#foswiki 2017-02-04,Sat

↑back Search ←Prev date Next date→ Show only urls(Click on time to select a line by its url)

WhoWhatWhen
***ChanServ sets mode: +o cdot [06:49]
........................................................ (idle for 4h37mn)
ChanServ sets mode: +o MichaelDaum [11:26]
............... (idle for 1h10mn)
uebera||MichaelDaum: Either someone modified sth on f.o or the problem went away by itself... memory allocation looks good, no need to restart apache2/mysql anymore. This should mean, however, that we have just missed those spikes before and they always were present or some requests we have not identified from the logs were worse than thought in terms of ressource allocation. [12:36]
MichaelDaumhm [12:43]
....... (idle for 30mn)
uebera||another hypothesis: We used to see zombie processes from time to time; maybe the current apache2/mysql combination "does not give up easily" and instead of zombie processes we now see memory hogging processes. I.e., we need to modify the watchdog to also monitor memory usage. [13:13]

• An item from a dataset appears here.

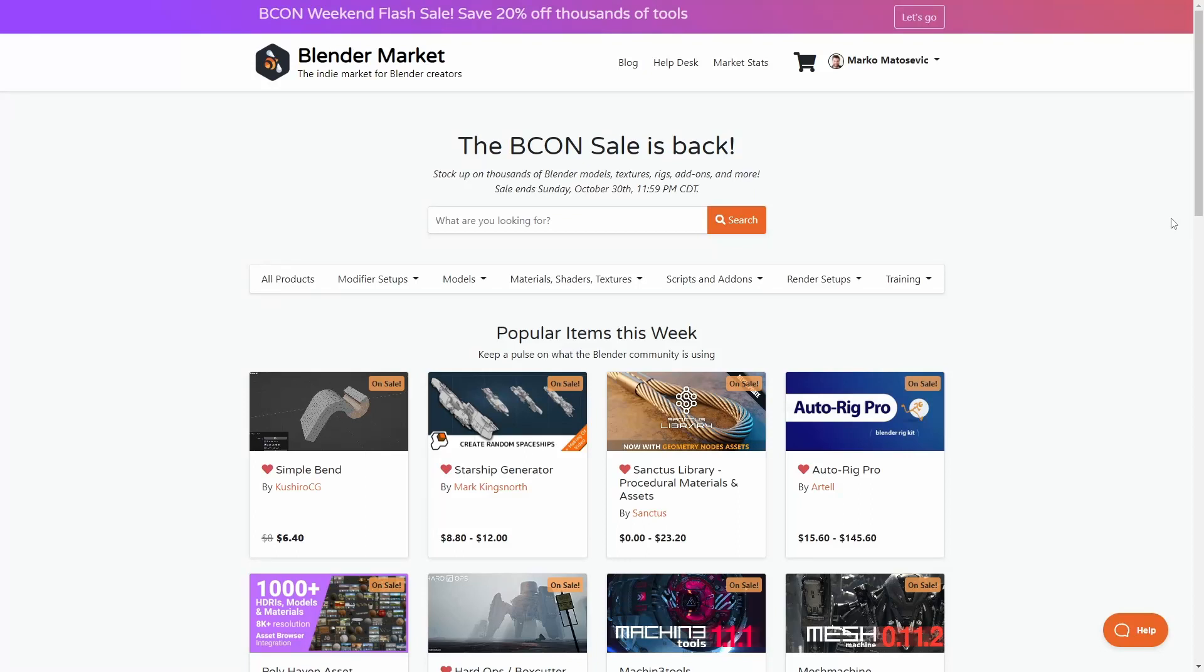So the Blender Market is having a sale. I'm going to quickly run through my top picks. Now I have videos on all these, but I'm just going to quickly show you the page and run through this.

...................... (idle for 1h48mn)
***ChanServ sets mode: +o gac410 [15:01]
....... (idle for 31mn)
Lynnwoodgac410 - I think I may have found an unfortunate side effect of adding the encoding of output files in PublishPlugin. Output images are now broken. [15:32]
gac410Y, this is an ugly issue. The whole way it's written is going to have problems. it "scrapes" links out of the rendered HTML pages, and then copies them. I added some notes to the task.
When "Attach" inserts a link, in old foswiki, it uft-8 encodes and url Encodes the link. Newer code doesn't do this ... as much anyway
Links like /pub/Litterbox/%c3%9a%c5%88%c3%ad%c4%8d%c3%b4%c4%8f%c4%9b/A vs /pub/Litterbox/Úňíčôďě/ ... and we seem to be inconsistent (Those two links are the same!)
[15:34]
LynnwoodI'll take a look at your notes. It makes sense to me how it re-works the urls. the urls aren't the issue.
It's the actual output of file.
[15:40]
gac410Encoding issues are deep. If something is already encoded then it will get broken if it's encoded again. [15:41]
LynnwoodThat line you changed yesterday in file.pm - print $fh Foswiki::encode_utf8($string); [15:42]
gac410So if a link get scraped, and is encoded and then encoded a 2nd time, it gets broken. [15:42]
LynnwoodIt's not the links that are broken, its the file itself.
image files
[15:42]
gac410Ah.... damn. Okay, so it uses the same code to write out html and images. Drats. [15:43]
LynnwoodThe link is correct (points to correct file) but browser says it can't open the file. [15:43]
gac410And we definitely do NOT want to encode non-html. [15:43]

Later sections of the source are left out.